WORK TASK:
Repeat everything in the data exactly except images.

(PROVIDED DATA Opens)

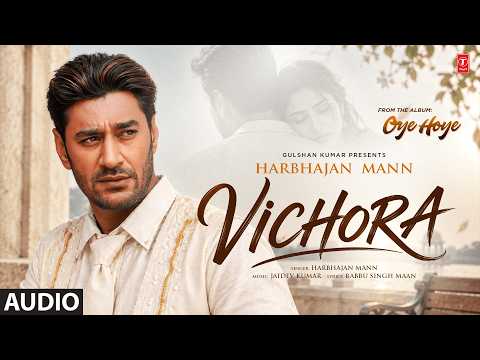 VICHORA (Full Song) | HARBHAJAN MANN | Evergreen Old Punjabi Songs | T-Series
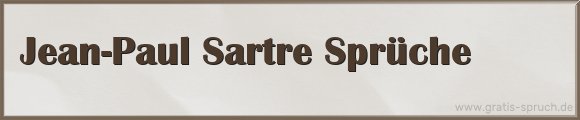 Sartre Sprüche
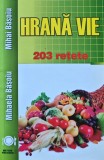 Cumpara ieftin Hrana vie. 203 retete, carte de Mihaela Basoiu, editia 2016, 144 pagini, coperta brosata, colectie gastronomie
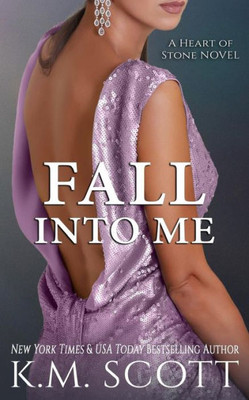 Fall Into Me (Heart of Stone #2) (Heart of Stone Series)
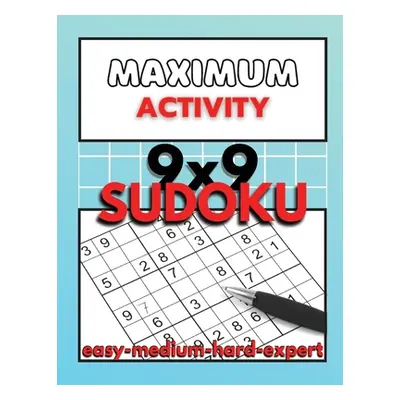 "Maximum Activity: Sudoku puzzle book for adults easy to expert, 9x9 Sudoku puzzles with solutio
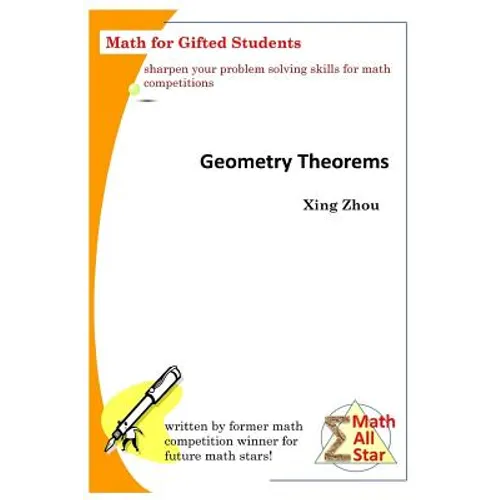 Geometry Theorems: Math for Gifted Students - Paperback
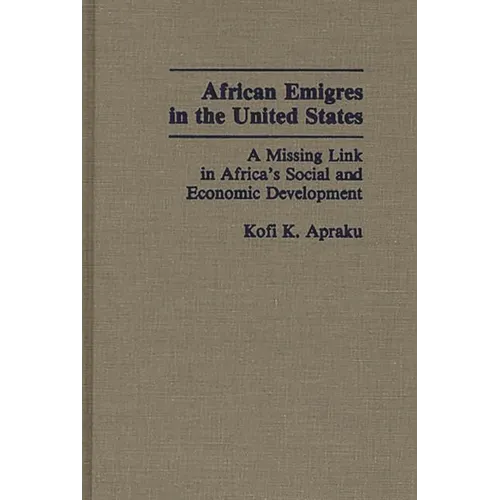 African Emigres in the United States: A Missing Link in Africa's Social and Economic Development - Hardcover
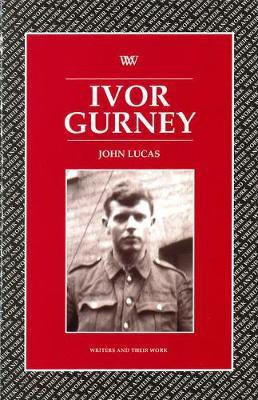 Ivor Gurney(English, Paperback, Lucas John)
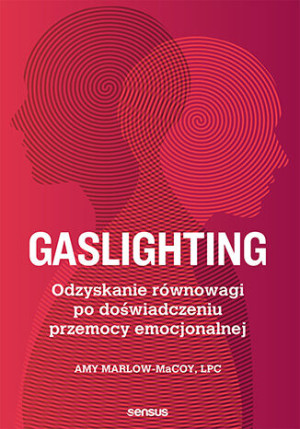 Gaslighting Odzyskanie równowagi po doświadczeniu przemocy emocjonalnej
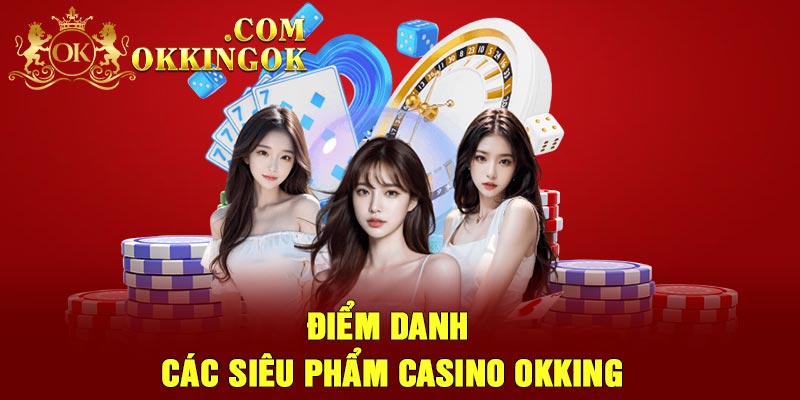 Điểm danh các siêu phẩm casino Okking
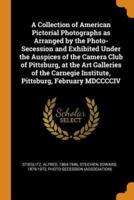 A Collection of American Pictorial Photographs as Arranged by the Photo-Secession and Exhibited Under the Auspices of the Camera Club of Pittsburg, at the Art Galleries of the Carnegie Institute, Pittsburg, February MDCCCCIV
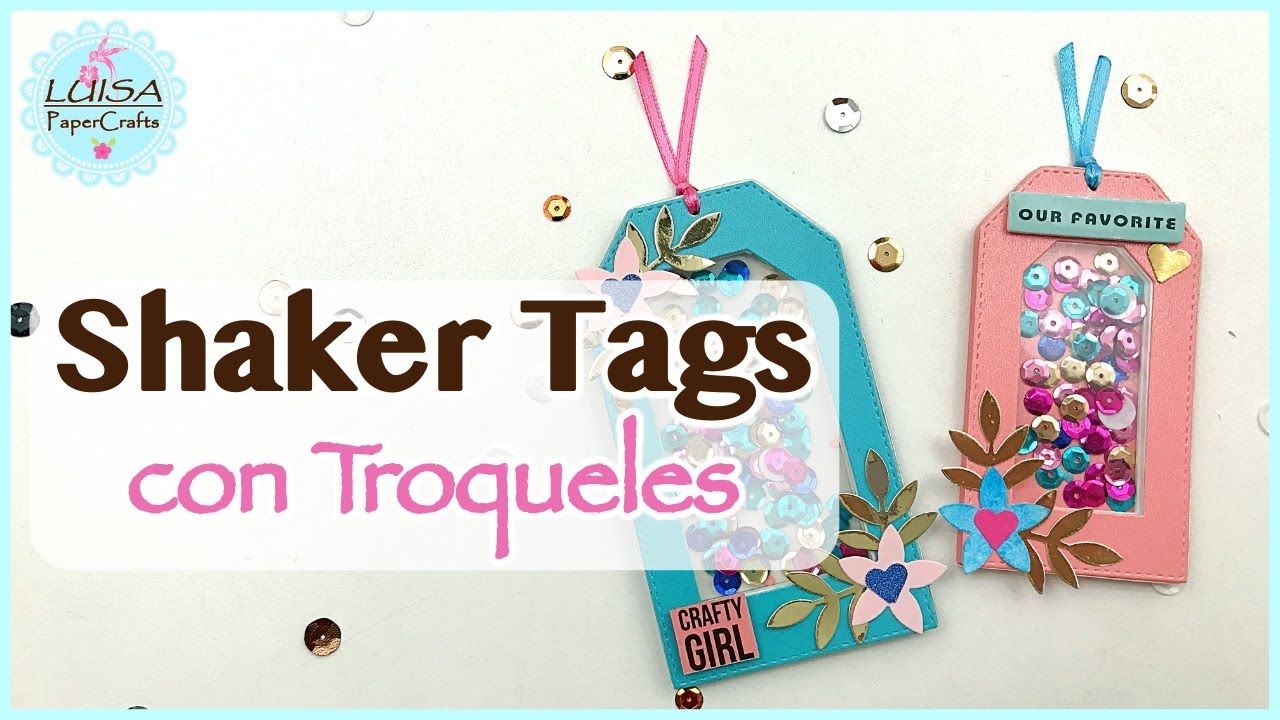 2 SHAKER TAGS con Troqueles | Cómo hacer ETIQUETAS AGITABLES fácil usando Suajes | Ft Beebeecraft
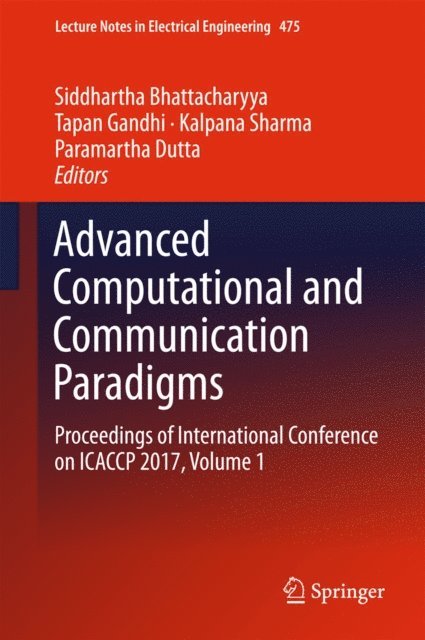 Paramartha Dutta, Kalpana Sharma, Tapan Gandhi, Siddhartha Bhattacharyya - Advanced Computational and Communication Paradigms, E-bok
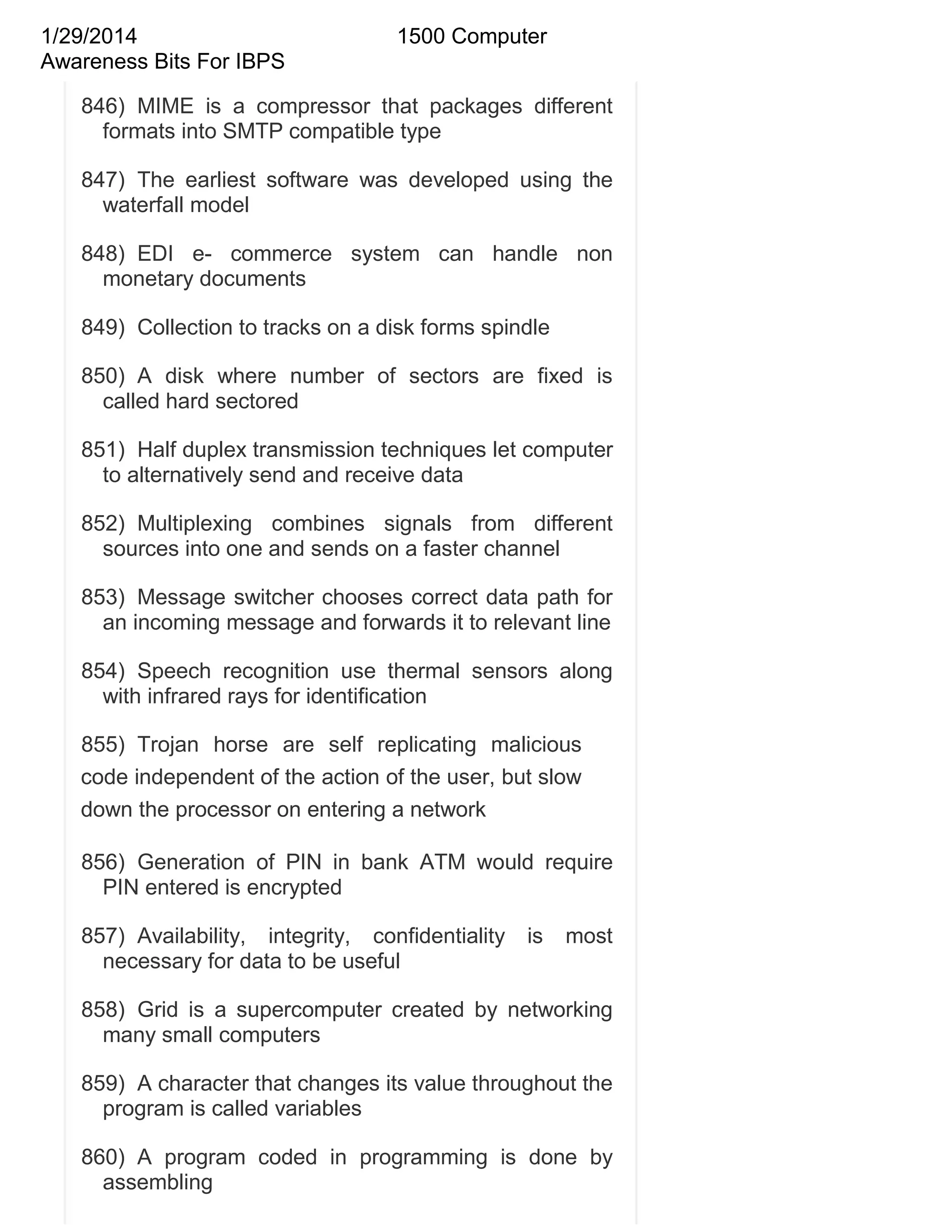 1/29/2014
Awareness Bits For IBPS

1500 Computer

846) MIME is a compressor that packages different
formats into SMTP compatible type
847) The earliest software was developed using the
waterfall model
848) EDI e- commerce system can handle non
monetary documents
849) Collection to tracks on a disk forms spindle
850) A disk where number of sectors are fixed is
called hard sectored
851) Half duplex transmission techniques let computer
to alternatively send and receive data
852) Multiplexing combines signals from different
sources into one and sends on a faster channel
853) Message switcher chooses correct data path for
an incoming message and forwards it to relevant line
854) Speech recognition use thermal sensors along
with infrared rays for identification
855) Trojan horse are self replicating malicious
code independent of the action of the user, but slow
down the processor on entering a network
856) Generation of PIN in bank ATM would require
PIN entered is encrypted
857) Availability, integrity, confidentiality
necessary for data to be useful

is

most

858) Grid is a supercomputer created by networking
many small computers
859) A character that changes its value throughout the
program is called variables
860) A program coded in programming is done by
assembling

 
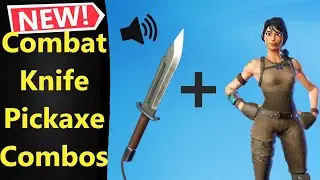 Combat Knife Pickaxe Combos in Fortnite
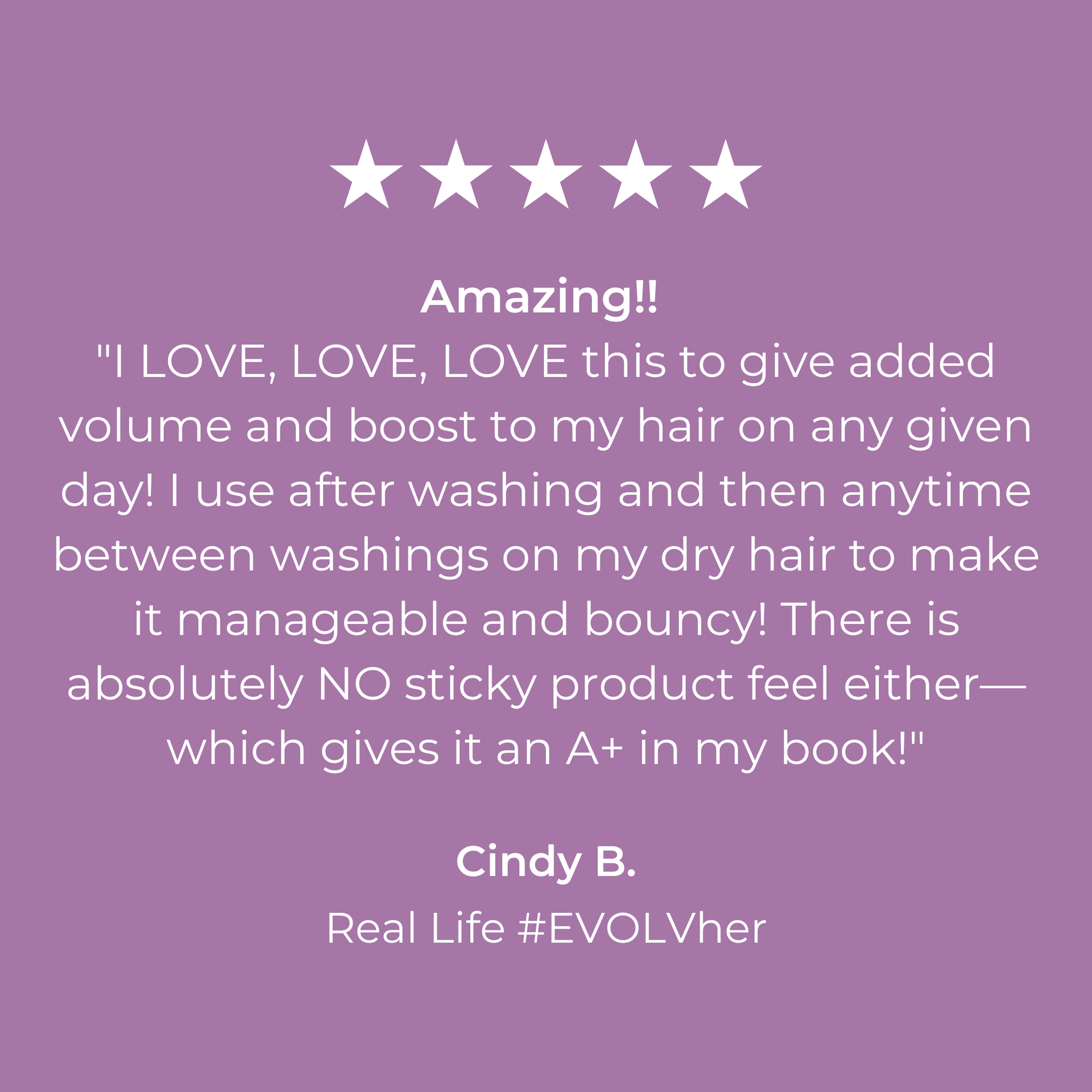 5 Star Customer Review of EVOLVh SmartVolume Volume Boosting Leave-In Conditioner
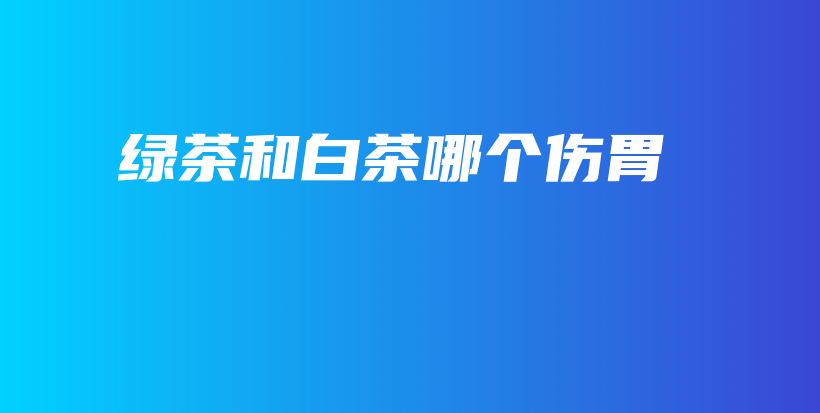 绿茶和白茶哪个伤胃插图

(PROVIDED DATA Closes)

WORKED SOLUTION:
 VICHORA (Full Song) | HARBHAJAN MANN | Evergreen Old Punjabi Songs | T-Series
 Sartre Sprüche
 Cumpara ieftin Hrana vie. 203 retete, carte de Mihaela Basoiu, editia 2016, 144 pagini, coperta brosata, colectie gastronomie
 Fall Into Me (Heart of Stone #2) (Heart of Stone Series)
 "Maximum Activity: Sudoku puzzle book for adults easy to expert, 9x9 Sudoku puzzles with solutio
 Geometry Theorems: Math for Gifted Students - Paperback
 African Emigres in the United States: A Missing Link in Africa's Social and Economic Development - Hardcover
 Ivor Gurney(English, Paperback, Lucas John)
 Gaslighting Odzyskanie równowagi po doświadczeniu przemocy emocjonalnej
 Điểm danh các siêu phẩm casino Okking
 A Collection of American Pictorial Photographs as Arranged by the Photo-Secession and Exhibited Under the Auspices of the Camera Club of Pittsburg, at the Art Galleries of the Carnegie Institute, Pittsburg, February MDCCCCIV
 2 SHAKER TAGS con Troqueles | Cómo hacer ETIQUETAS AGITABLES fácil usando Suajes | Ft Beebeecraft
 Paramartha Dutta, Kalpana Sharma, Tapan Gandhi, Siddhartha Bhattacharyya - Advanced Computational and Communication Paradigms, E-bok
 1/29/2014
Awareness Bits For IBPS

1500 Computer

846) MIME is a compressor that packages different
formats into SMTP compatible type
847) The earliest software was developed using the
waterfall model
848) EDI e- commerce system can handle non
monetary documents
849) Collection to tracks on a disk forms spindle
850) A disk where number of sectors are fixed is
called hard sectored
851) Half duplex transmission techniques let computer
to alternatively send and receive data
852) Multiplexing combines signals from different
sources into one and sends on a faster channel
853) Message switcher chooses correct data path for
an incoming message and forwards it to relevant line
854) Speech recognition use thermal sensors along
with infrared rays for identification
855) Trojan horse are self replicating malicious
code independent of the action of the user, but slow
down the processor on entering a network
856) Generation of PIN in bank ATM would require
PIN entered is encrypted
857) Availability, integrity, confidentiality
necessary for data to be useful

is

most

858) Grid is a supercomputer created by networking
many small computers
859) A character that changes its value throughout the
program is called variables
860) A program coded in programming is done by
assembling

 
 Combat Knife Pickaxe Combos in Fortnite
 5 Star Customer Review of EVOLVh SmartVolume Volume Boosting Leave-In Conditioner
 绿茶和白茶哪个伤胃插图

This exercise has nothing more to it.